_Problem description_
Please find the line that holds "starter babysitter available Bolton !!!" below and reproduce it, along with every line after it through the end, exactly and without pictures.

(Collected data entries)
%%

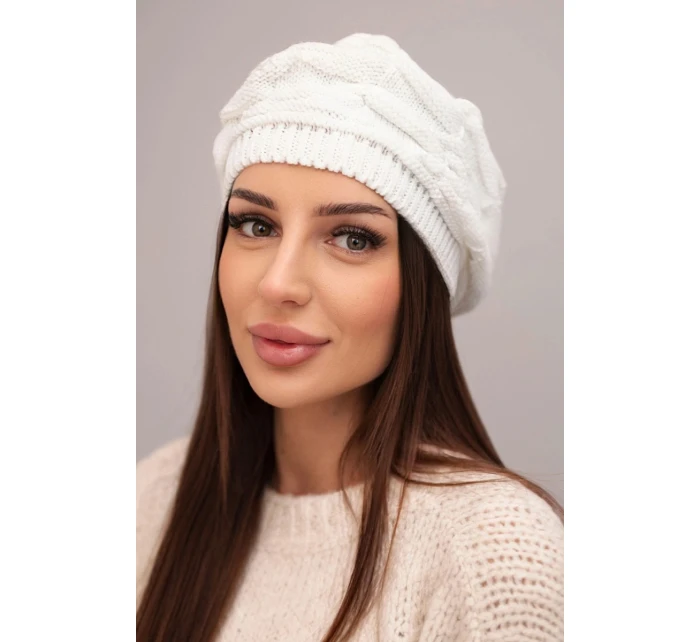 Dámská zimní čepice z vlny s ozdobným pletením a bílá model 21878093 - K-Fashion Dámská zimní čepice z vlny s ozdobným pletením a bílá model 21878093 - K-Fashion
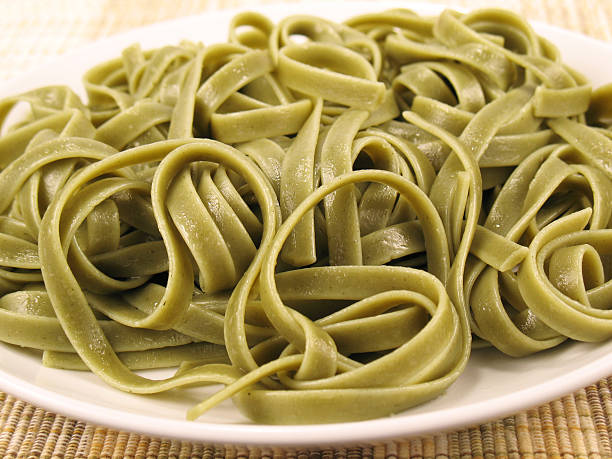 istock Spinach Fettuccine 1 95315044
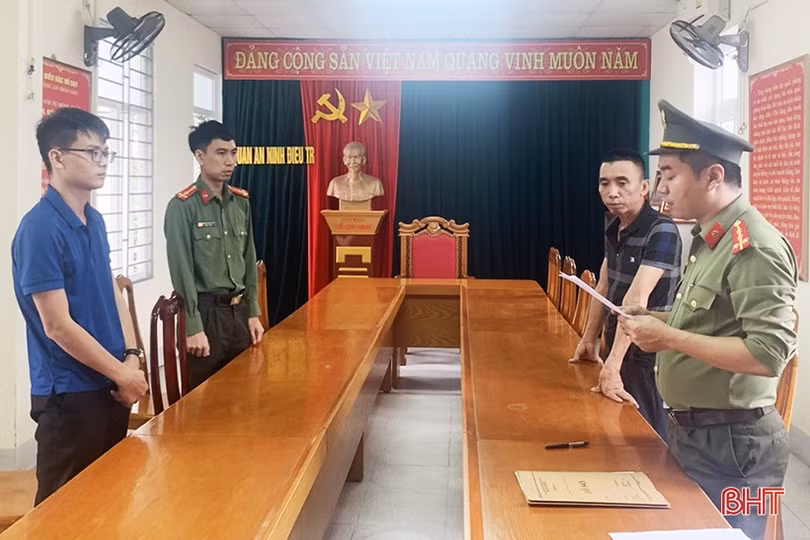 Tổ chức cho người khác trốn đi nước ngoài, 2 đối tượng bị khởi tố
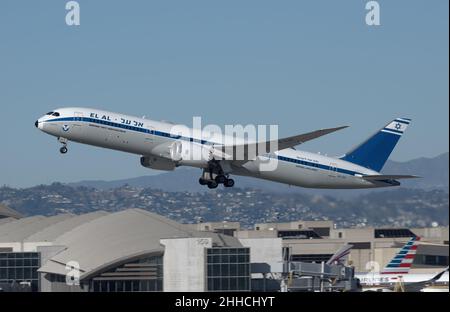 El al Israel Airlines Boeing 787-9 con registrazione 4X-EDF mostrato avvicinarsi a LAX, Aeroporto Internazionale di Los Angeles. Foto Stock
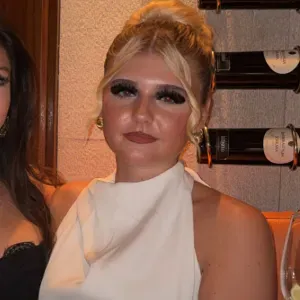 starter babysitter available Bolton !!!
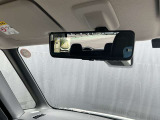 アラウンドビューモニター・バックモニター表示機能つきルームミラー。夜間走行時に便利な自動防眩機能付きです。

%%

_Task response_
 starter babysitter available Bolton !!!
 アラウンドビューモニター・バックモニター表示機能つきルームミラー。夜間走行時に便利な自動防眩機能付きです。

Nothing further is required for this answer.